◆ Activity:
Quote the listing in full, exactly as given, minus any pictures.

◆ Source material:
::::::
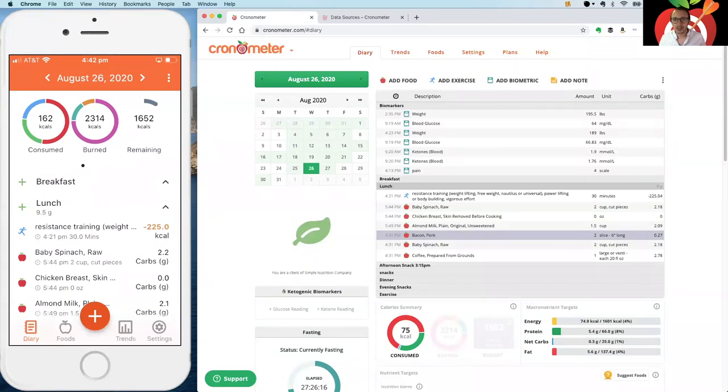The barcode scanner is mobile-only — we haven't implemented it on the web app as it would be an awkward experience. On the web you'd have to enter nutrition information manually, so for anything with a barcode I highly recommend using the mobile app.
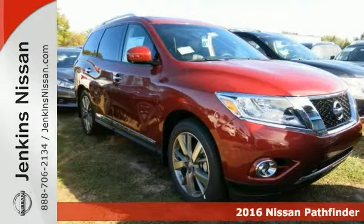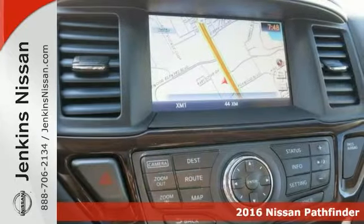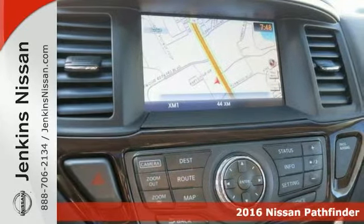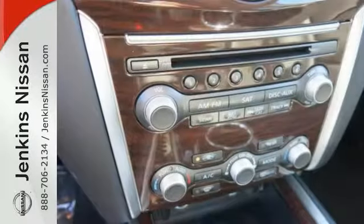Life's a journey and you need something capable to get through it. This 2016 Nissan Pathfinder Platinum is up to the task. With alloy wheels, deep tinted glass, CD player, navigation system, and sunroof, you'll drive in comfort and confidence.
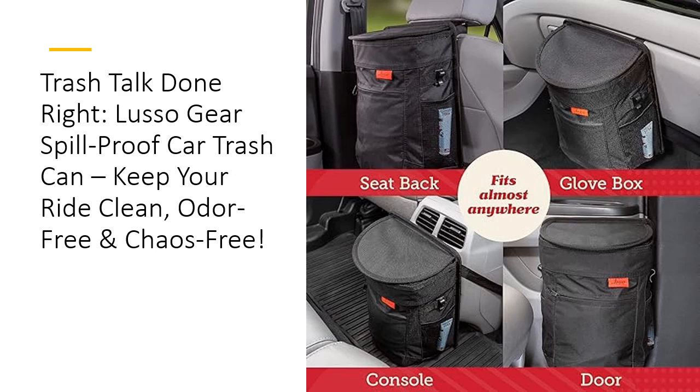Looking for a way to save time, money, and your sanity? With the Lusso Gear Car Trash Can, you won't have to constantly clean up your car or replace flimsy trash containers. Plus, the adjustable strap makes it easy to hang this trash bin anywhere in your vehicle — from the headrest to the glove box — and even use it outside of the car for camping, tailgating, or any adventure. The versatility makes it worth every penny.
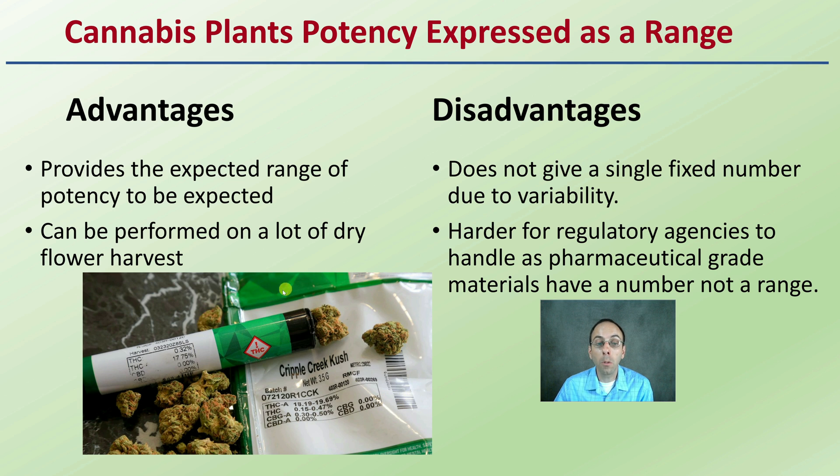It's important to realize that we are dealing with plant material, and it's expected to have some variability — like different tomatoes or apples having variability from one to another. Hopefully that range will be very small, but it's very hard to pinpoint an exact number. This is the great debate: should it be expressed as a range or a number? There are different videos here where you can explore the advantages and more details of the range approach for the analytical report.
::::::
◆ Problem solution:
The barcode scanner is mobile-only — we haven't implemented it on the web app as it would be an awkward experience. On the web you'd have to enter nutrition information manually, so for anything with a barcode I highly recommend using the mobile app.
Life's a journey and you need something capable to get through it. This 2016 Nissan Pathfinder Platinum is up to the task. With alloy wheels, deep tinted glass, CD player, navigation system, and sunroof, you'll drive in comfort and confidence.
Looking for a way to save time, money, and your sanity? With the Lusso Gear Car Trash Can, you won't have to constantly clean up your car or replace flimsy trash containers. Plus, the adjustable strap makes it easy to hang this trash bin anywhere in your vehicle — from the headrest to the glove box — and even use it outside of the car for camping, tailgating, or any adventure. The versatility makes it worth every penny.
It's important to realize that we are dealing with plant material, and it's expected to have some variability — like different tomatoes or apples having variability from one to another. Hopefully that range will be very small, but it's very hard to pinpoint an exact number. This is the great debate: should it be expressed as a range or a number? There are different videos here where you can explore the advantages and more details of the range approach for the analytical report.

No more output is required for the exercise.